You can browse the Active Directory or NT domains to search for users one by one to find and fill in missing information if you import from a less than complete and accurate source. If your company has used consistent naming through the years, you can likely guess most of these, but dealing with exceptions can become a difficult task when the naming is unpredictable. Therefore, make sure that your potential data source has a valid Windows logon contained in it before you decide to use it as an import basis. If it doesn’t, weigh the consequences of manual cleanup. When you use external data sources, be wary of data containing extended characters and leading and trailing spaces, with leading spaces being more troublesome. During an import, the system doesn’t detect cell values from Excel that contain soft returns, for example, as bad characters in the import process but will cause database errors in production.
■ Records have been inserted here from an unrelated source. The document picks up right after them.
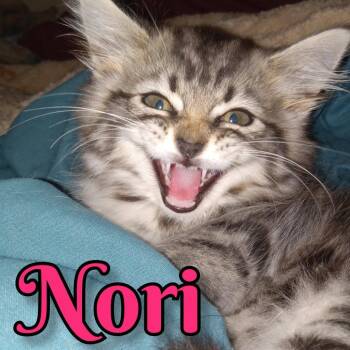 Nori -  Domestic Long Hair Cat for Adoption in Hopkinsville, Kentucky - Nori | PetCurious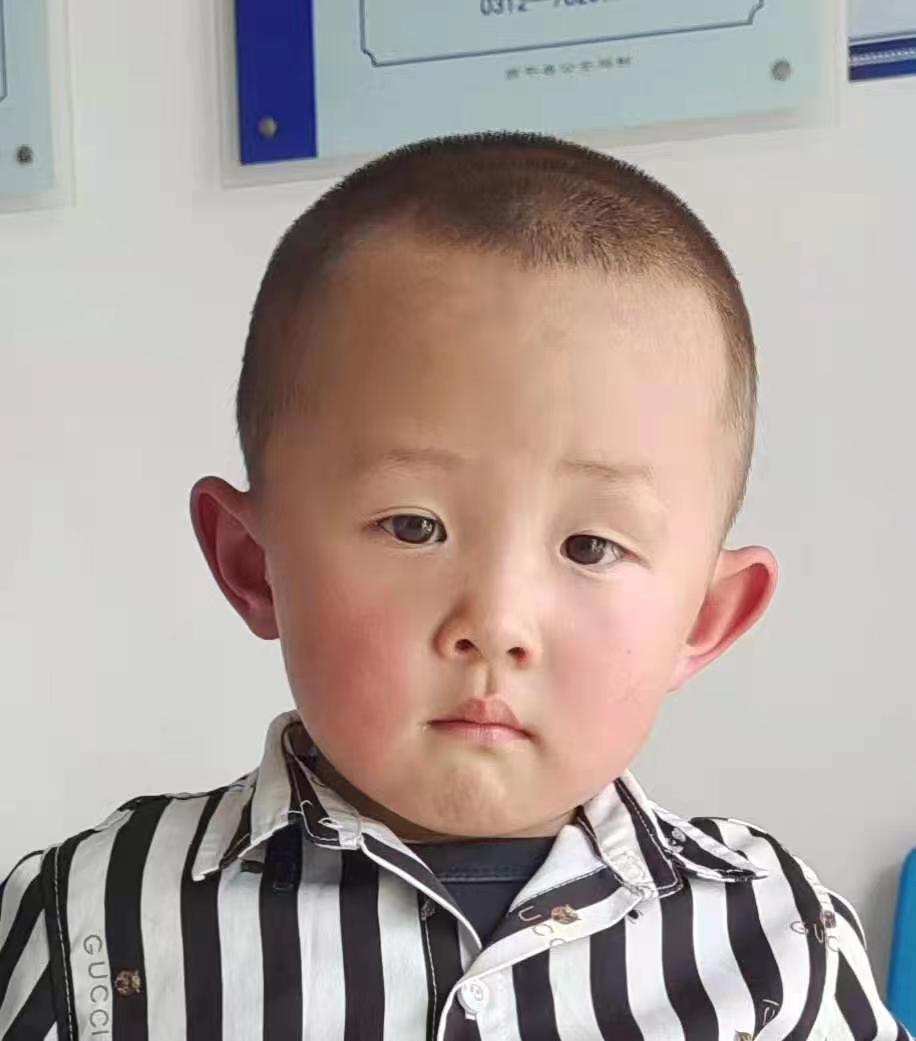 喀什市收留胡琪航找家2411181801.jpeg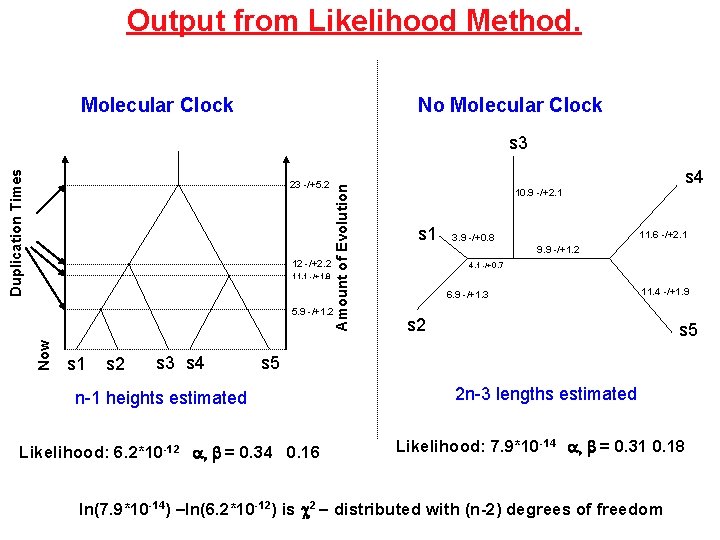 Output from Likelihood Method. Molecular Clock No Molecular Clock 23 -/+5. 2 12 -/+2.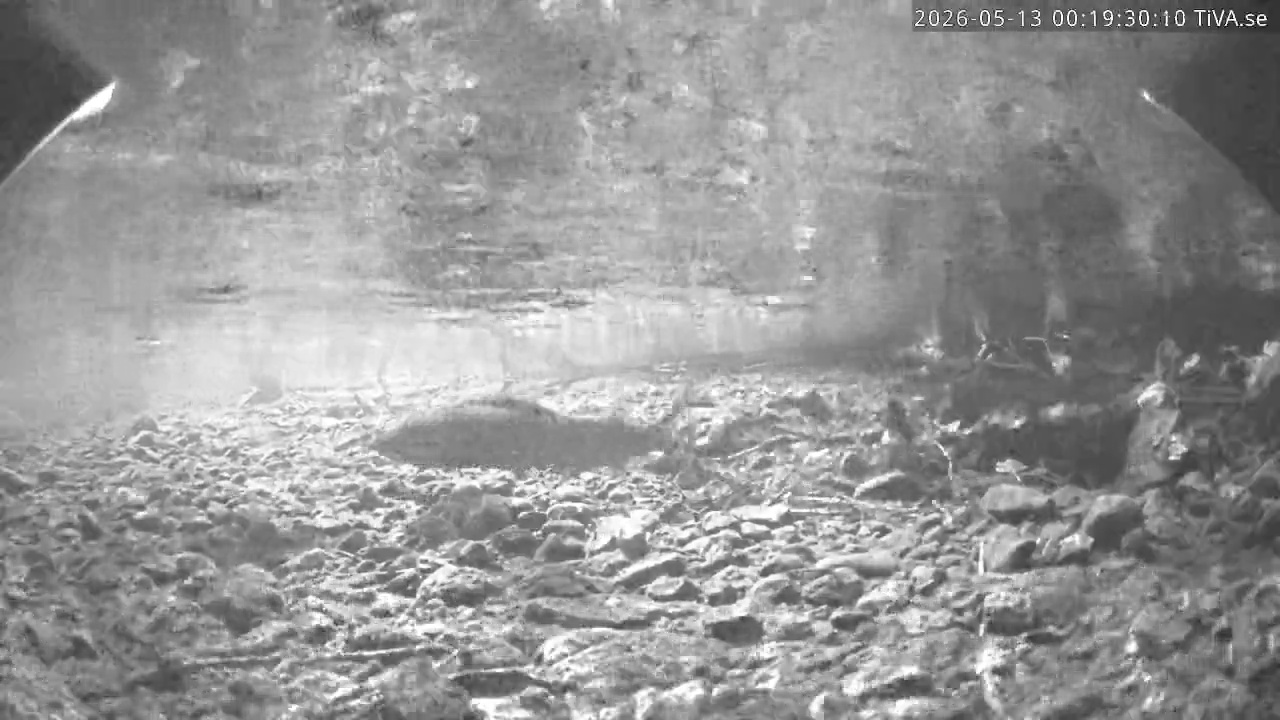 Video 2026-05-13 00:19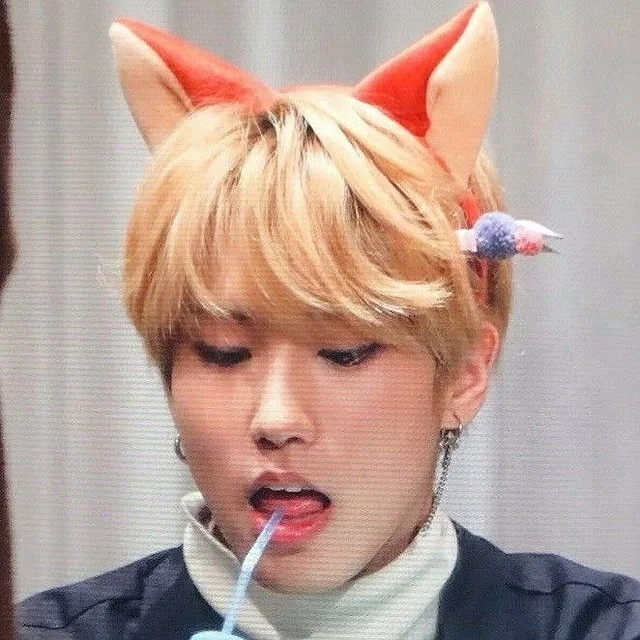 Avatar of Han Jisung || Fox hybrid pet
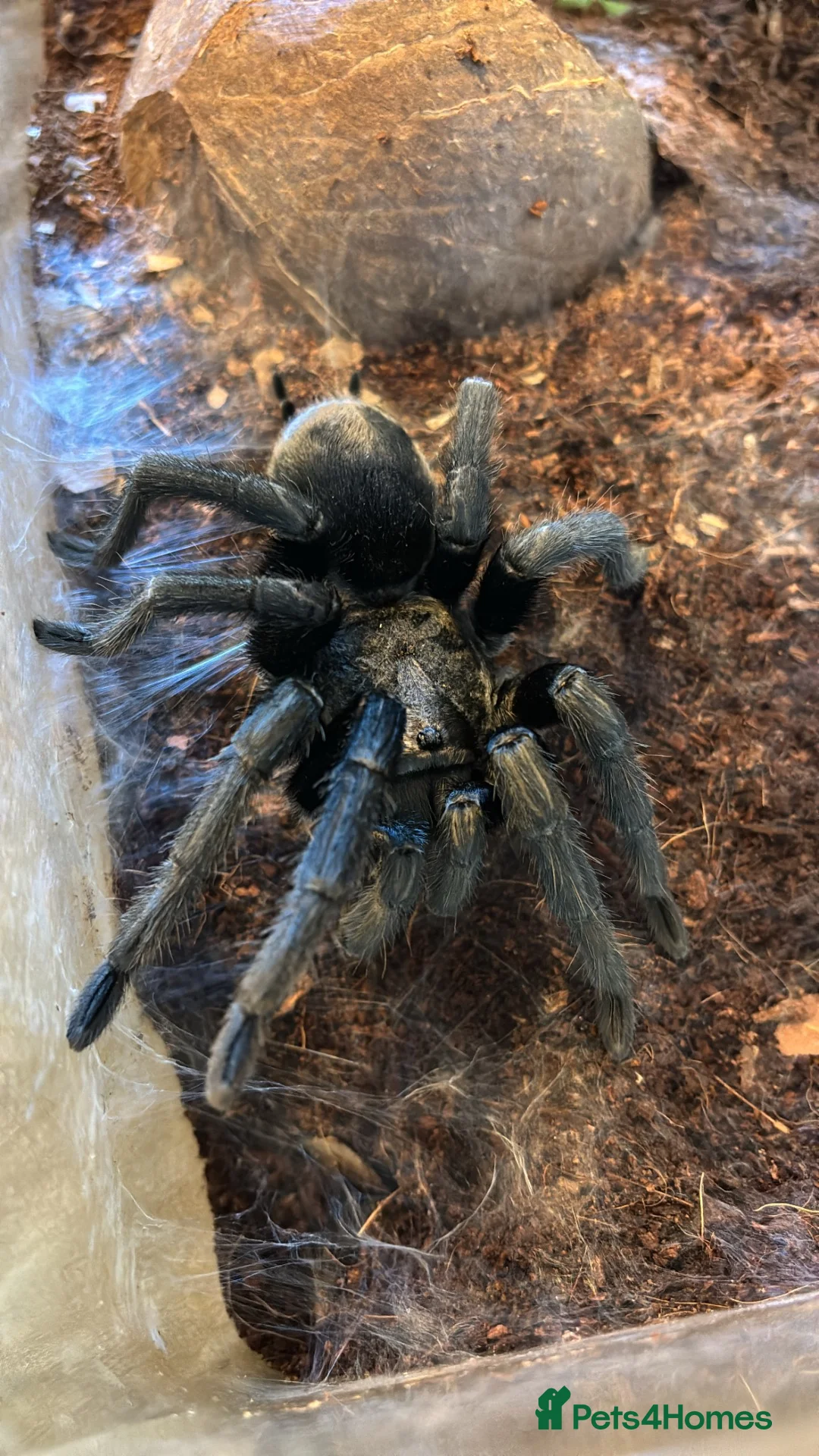 Tarantulas invertebrates for sale: Brazilian Black Tarantula for sale in Gosport - Advert 2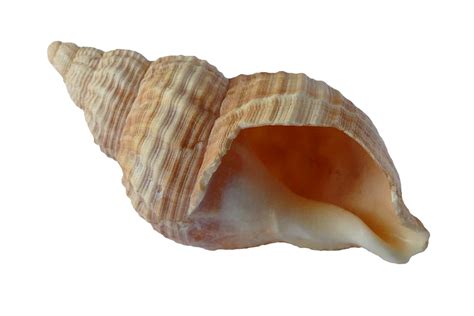 Seashell Png Images Free Download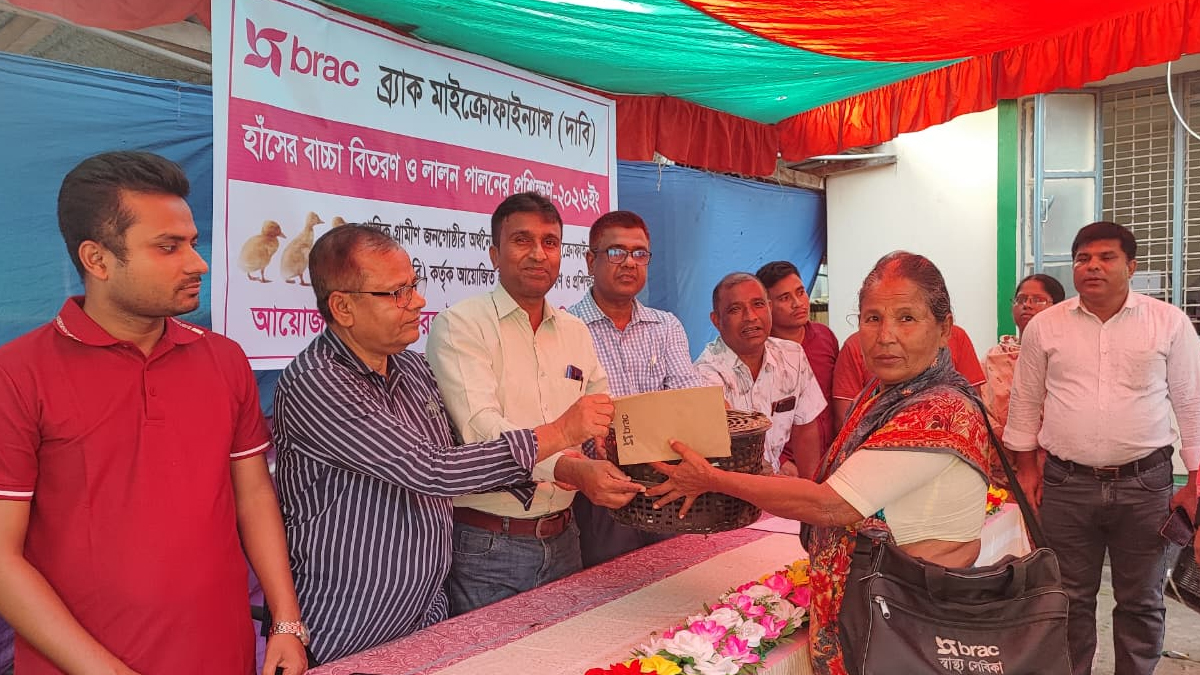লালমনিরহাটে ব্র্যাকের উদ্যোগে ৪৩ পরিবারের মাঝে হাঁসের বাচ্চা বিতরণ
Project Professional provides the means to verify Windows logons by connecting to your company address book. Following this path to the address book is different from the one described in the previous topic. Adding the Windows account and e-mail address fields to the Resource Sheet view makes editing the data more convenient. To connect to the company address book, from a resource view double-click a resource to open the Resource Information dialog box. Follow these steps:

  1. Click either the Windows Account or Details button to link to your global address book through your local mail client. The Choose Profile selection dialog box displays, as shown in Figure 11-12. (Note: Not all mail clients create mail profiles on a workstation during installation. Lotus Notes, for instance, must have a mail profile configured manually in order for Project to see it on the client machine. Any MAPI-compliant mail client will work.)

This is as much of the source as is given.